When an aqueous solution of uranyl nitrate (20 grams) and hydroxylamine hydrochloride (10 grams) is treated with 100 c.c. of 7 per cent, ammonia solution, the ammonium diuranate first formed redissolves, and a canary yellow crystalline powder of composition (NH3OH)2UO4.2NH3 is obtained on allowing to crystallise. This compound is stable at ordinary temperatures, begins to lose ammonia when heated above 70° C., and if heated cautiously to 120° C. yields uranic acid, H2UO4. If allowed to remain in contact with cold water for some hours, or if treated with hot water, it yields hydroxylamine uranate, (NH3OH)2UO4.H2O. The latter is also formed when the ammonio compound is heated at 100° C. with glycerol, or treated with acetic acid (2 molecules), excess being avoided; or when freshly precipitated alkali diuranates are acted upon by hydroxylamine hydrochloride.
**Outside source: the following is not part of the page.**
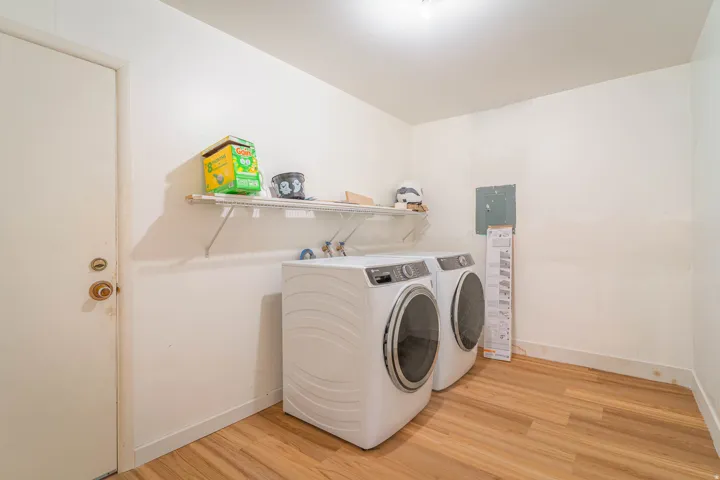 Dedicated utility space featuring wood-finish flooring, white walls, and a white ceiling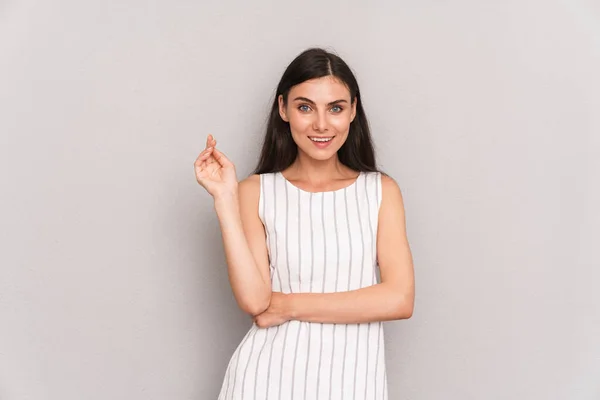 Image of beautiful brunette woman wearing dress smiling and posi — 스톡 사진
Hydroxylamine uranate forms well-defined yellowish-green crystals, which, when slowly heated at 125° C., lose water and ammonia and leave a residue of uranic acid containing, according to Kohlschiitter and Vogdt, nitrogen and nitrous oxide in solution, these gases escaping when the residue is dissolved in dilute acids. Friedheim, however, suggests that the residue consists of uranic acid and what may be considered as an anhydride of the uranate, UO2(NH3O)2O, which on treating with acid yields ammonia, nitrogen, and nitrous oxide. The uranate readily reduces Fehling's solution.